• [PROBLEM REQUIREMENTS] Copy exactly the lines of the material below that fall between the line with "Hmong Beef Jerky Strips" and the line with "کتاب زبان آموزش", both of those lines included; pictures stay out.

== DATA RECORDS ==

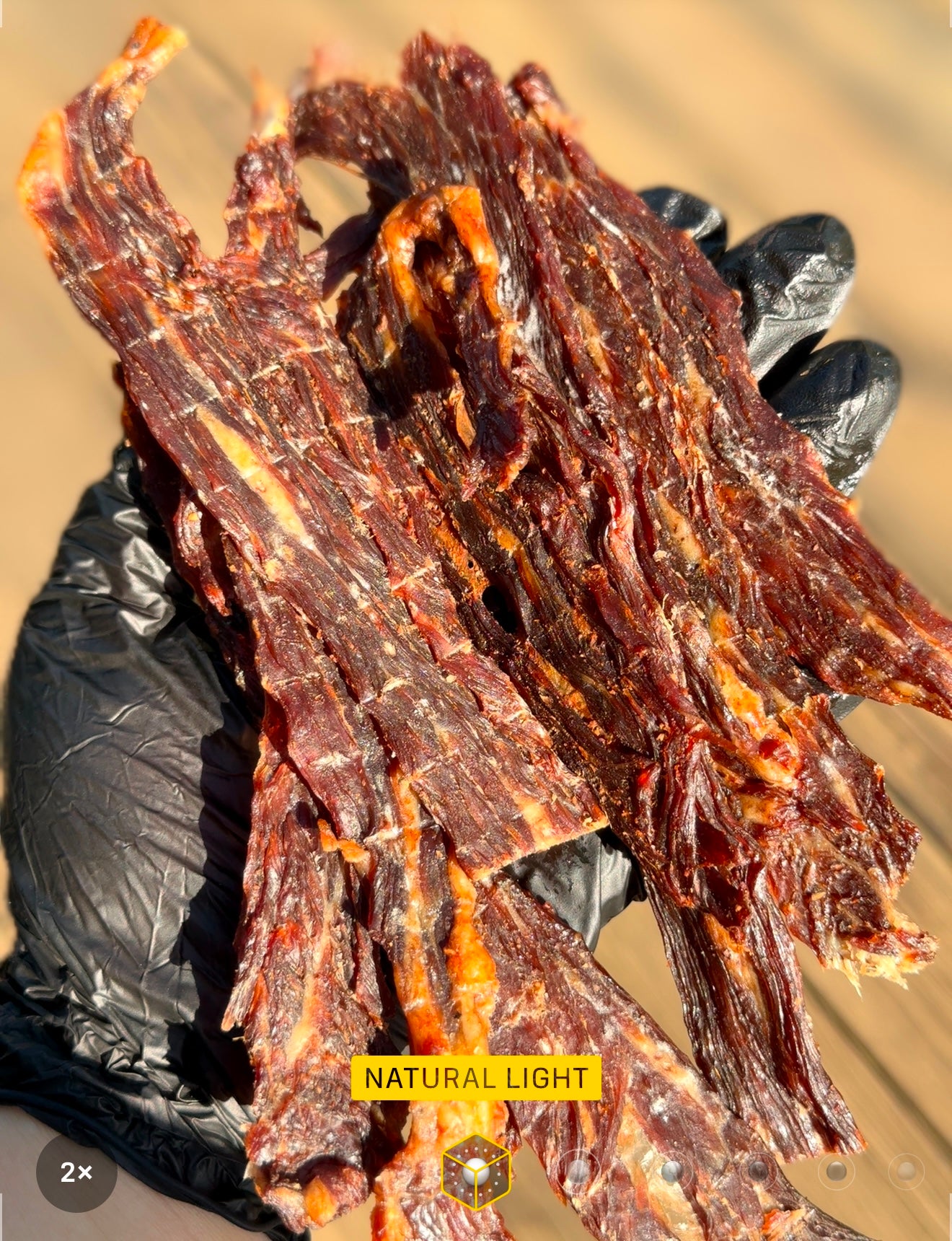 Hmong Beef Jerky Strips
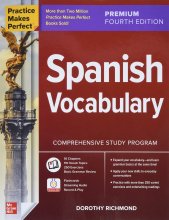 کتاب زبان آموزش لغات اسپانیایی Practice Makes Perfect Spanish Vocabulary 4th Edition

===
== DATA RECORDS ==

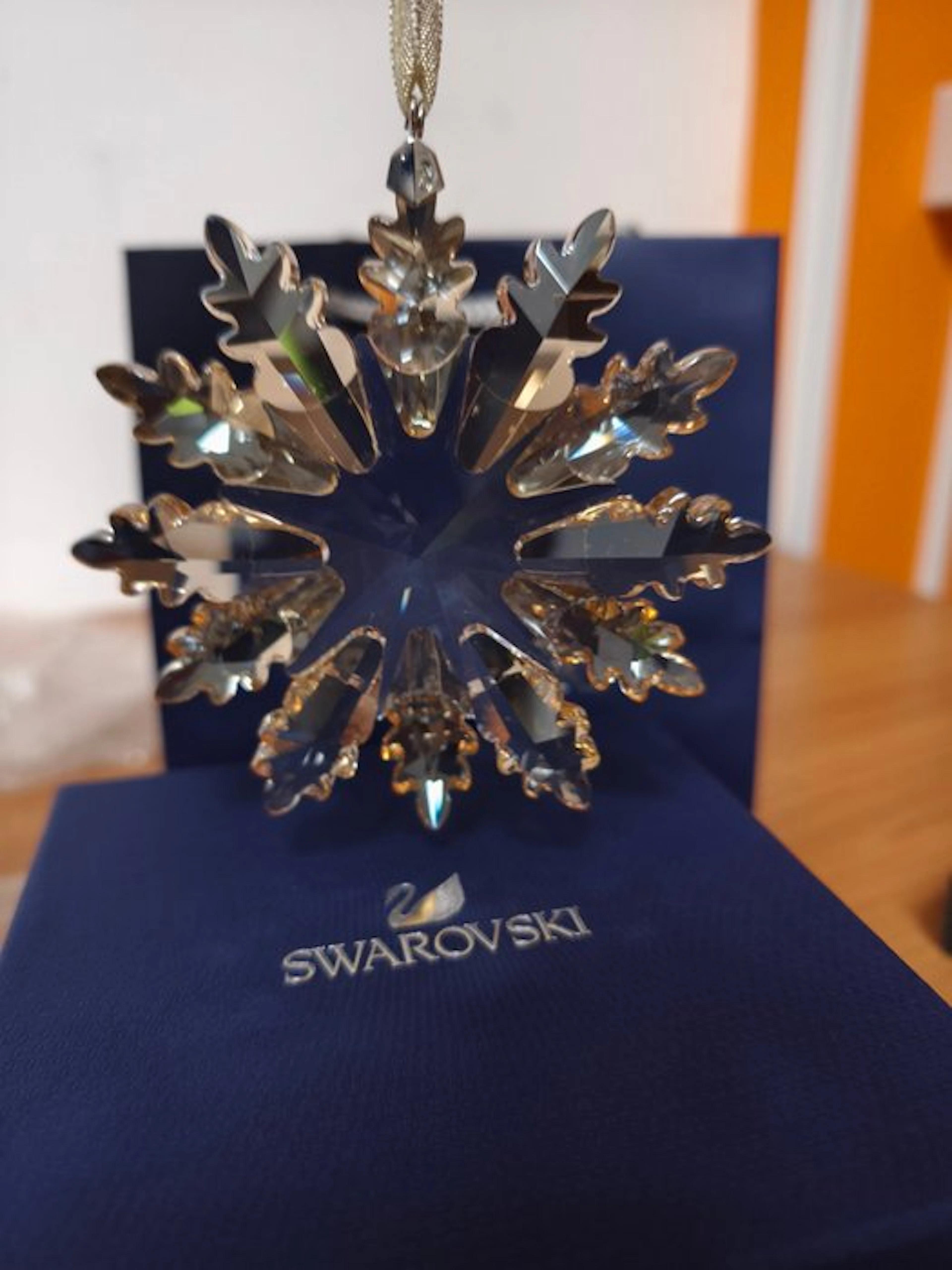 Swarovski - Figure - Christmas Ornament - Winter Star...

===

• [THE ANSWER]
 Hmong Beef Jerky Strips
 کتاب زبان آموزش لغات اسپانیایی Practice Makes Perfect Spanish Vocabulary 4th Edition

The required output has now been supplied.